Compliance costs on the rise, but non-compliance still far pricier
Source: Globalscape
Is it worth it? Data says yes, and with GDPR on the horizon, even more so. The cost of non-compliance is nearly three times more than the cost to comply, according to a new report sponsored by software developer Globalscape.
Compliance pays
“Today, protecting data is a critical necessity, not a nice-to-have option — especially when breaches like Equifax become regular headlines,” says Peter Merkulov, chief technology officer at Globalscape.
While complying with data protection regulations is expensive, non-compliance will cost organisations much more. According to the report, data non-compliance expenses rose 45 percent from 2011 to 2017, costing organisations with poor protection plans an average of US$14.82m annually in non-compliance costs — which is 2.7 times the cost of compliance itself.

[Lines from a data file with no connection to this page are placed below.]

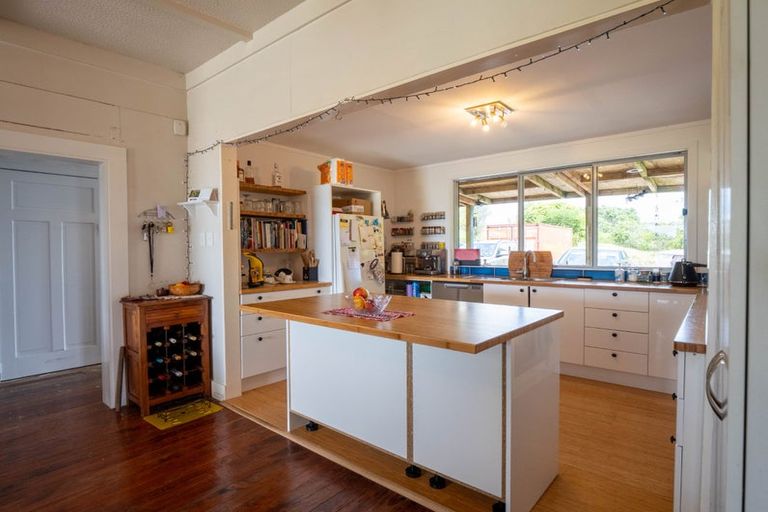Photo of property in 32 Toetoe Road, Otaika, Whangarei, 0170
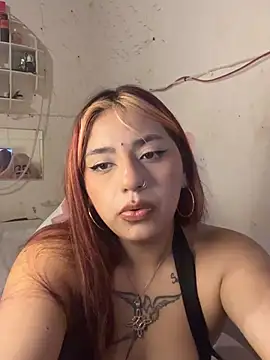 Snapshot of SoftLady_S33 chatting on July 30, 1:15 am SoftLady S33 online show from July 30, 1:15 am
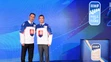 Zľava Fín Jere Sallinen a Kanaďan Thomas Chabot v súboji vo finále na MS 2019.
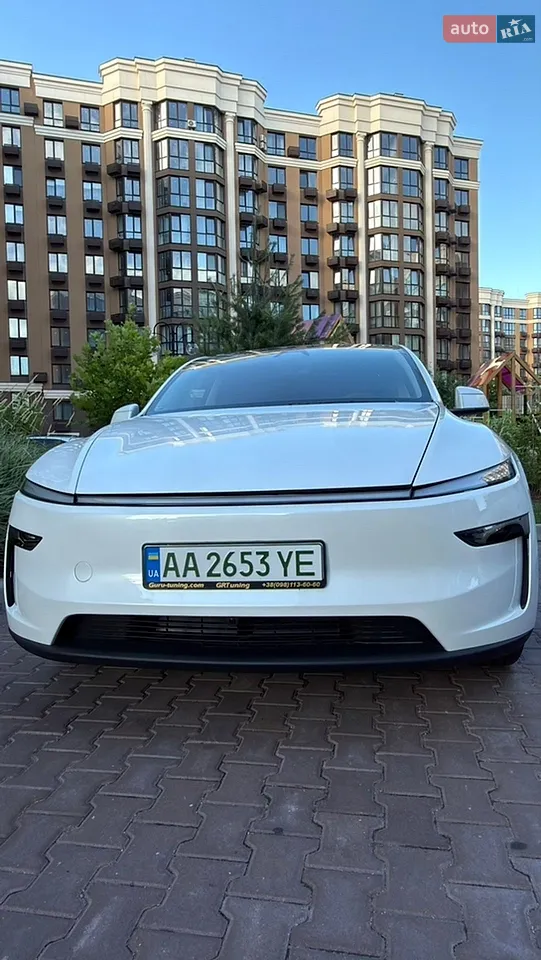 2024 Tesla Model Y - мініатюра 42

Costs associated with non-compliance can include business disruption, productivity loss, revenue loss and significant fines, penalties and settlements. Data protection regulations are increasingly complex in nature. “As data becomes more valuable, the risk of data breaches, data loss, cyberattacks and insider threats becomes a serious and urgent issue,” Merkulov says.
Lowering costs
Another takeaway from the study: Companies can save money by spending more on core compliance activities such as audits, enabling technologies, training and expert staff. And by providing end users with guidance and the proper tools, chief risk officers can help ensure successful data protection regulation compliance.
Looking ahead
Investing in compliance will be critical for companies in the year ahead. “As we move into 2018, we’ll see more instances where businesses are working hard to achieve compliance, especially after GDPR goes into effect in May. This investment will consist of money, time and resources,” says Merkulov.